21 They [Jows] appear to be prepared. There have been delays in the past, that's true, as I've mentioned already, but as I told Mr Changizi a few moments ago, in my opinion those procedural issues were dealt with satisfactorily on the last occasion and Mr Changizi was given every opportunity to obtain further evidence which would protect him from any of the otherwise unfair results of late service of Jows' expert evidence.
22 Mr Changizi has simply done nothing and I believe that is a proper characterisation of the situation. Ms Granger gave a succinct and professional summary of what the issues are when she made some submissions in reply. I agree with those submissions.

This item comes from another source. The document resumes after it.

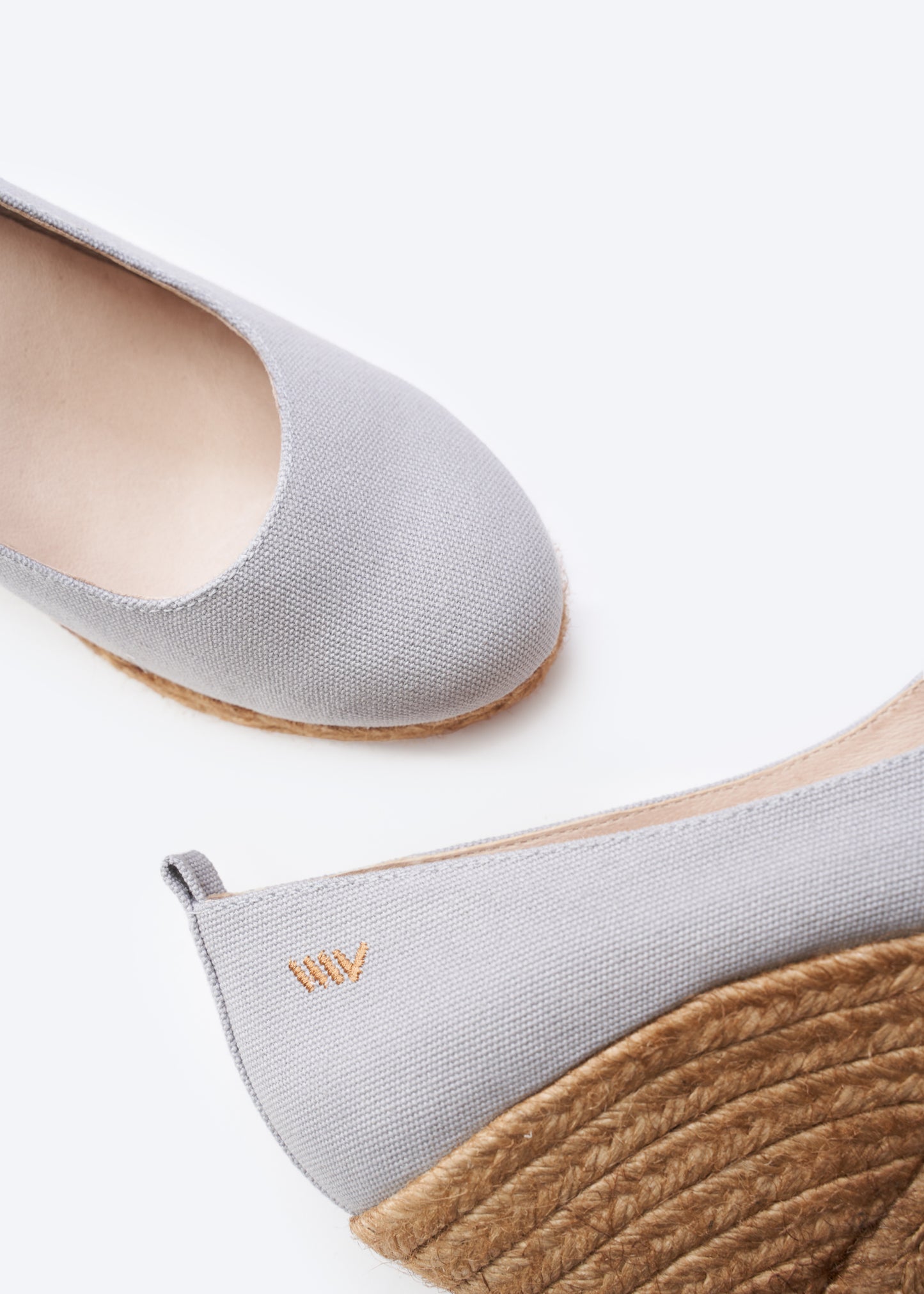 Marquesa Ash Grey Canvas Slip On Woman Espadrille Wedge High Heel Pumps Closed Toe and Back Detail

23 I find it remarkable to say the least that Mr Changizi attends today without even asking a professional legal practitioner, an Australian Legal Practitioner, to come with him to provide some assistance, at least in the emergency in which he has put himself today. He has not attempted to get his witnesses available. He tells me he has not even read the material which he recovered from his previous legal representative. There is a very important set of orders made by me on 20 December last year, he's not even aware if a copy of those orders is on file and he tells me that he has not been told about those orders. He has certainly done nothing to comply with those orders.

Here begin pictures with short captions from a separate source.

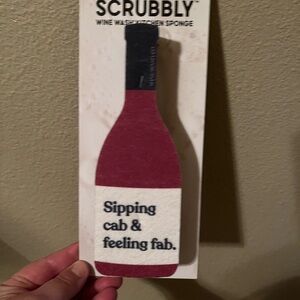 Wine Bottle Kitchen Sponge - Red and Black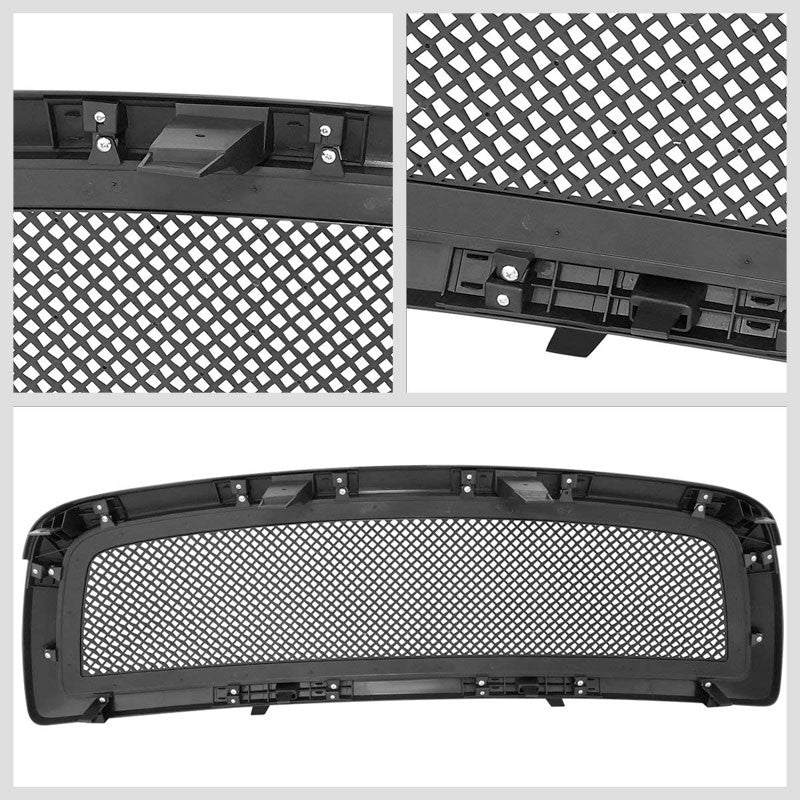 Black Matte Diamond Mesh Style Front Replacement Grille For 09-12 Dodge Ram 1500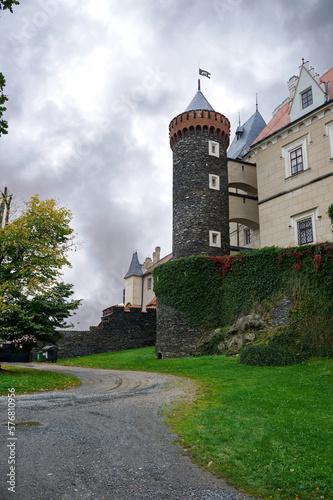 View on Zleby castle on a cloudy day, Czech Republic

24. In my view this amounts to a dramatic want of prosecution of the proceedings, I am inclined to think, without being in a position to decide, that Mr Changizi, as I put to him earlier and he denied, has deliberately sabotaged the hearing today. His attendance today, saying "I am completely naked and not ready to proceed, it would not be fair to make me go ahead under those circumstances" that is his main submission but as I have just been stating, the only reason he is in that position is his own lack of prosecution of the proceedings.
[2]
THE GROUNDS OF APPEAL
The Homeowner's amended Notice of Appeal raised a number of grounds to set aside the Tribunal's dismissal order. The Homeowner submits that:
1. the Senior Member failed to have regard to or give proper weight to relevant matters, and took into account irrelevant matters said to be contrary to the evidence;
2. there was a denial of procedural fairness by the Tribunal failing to grant the Homeowner's application to adjourn, failing to permit Mr Changizi to present the Homeowner's case on 9 April 2018 and "failing to take such measures that are reasonably practical to ensure that the appellant had a reasonable opportunity to be heard and to have its evidence and submissions considered contrary to s 38(5)" of the NCAT Act;
3. that the Tribunal's decision to dismiss the Homeowner's Application for want of prosecution was so unreasonable that no reasonable decision maker would have made that determination;
4. that the Senior Member failed to give adequate reasons for the decision to dismiss the Homeowner's Application for want of prosecution; and
5. that in refusing the Homeowner's application for adjournment and on its own motion determining that the Homeowner's Application should be struck out for want of prosecution, the Senior Member demonstrated apprehended bias sufficient to set aside the determination.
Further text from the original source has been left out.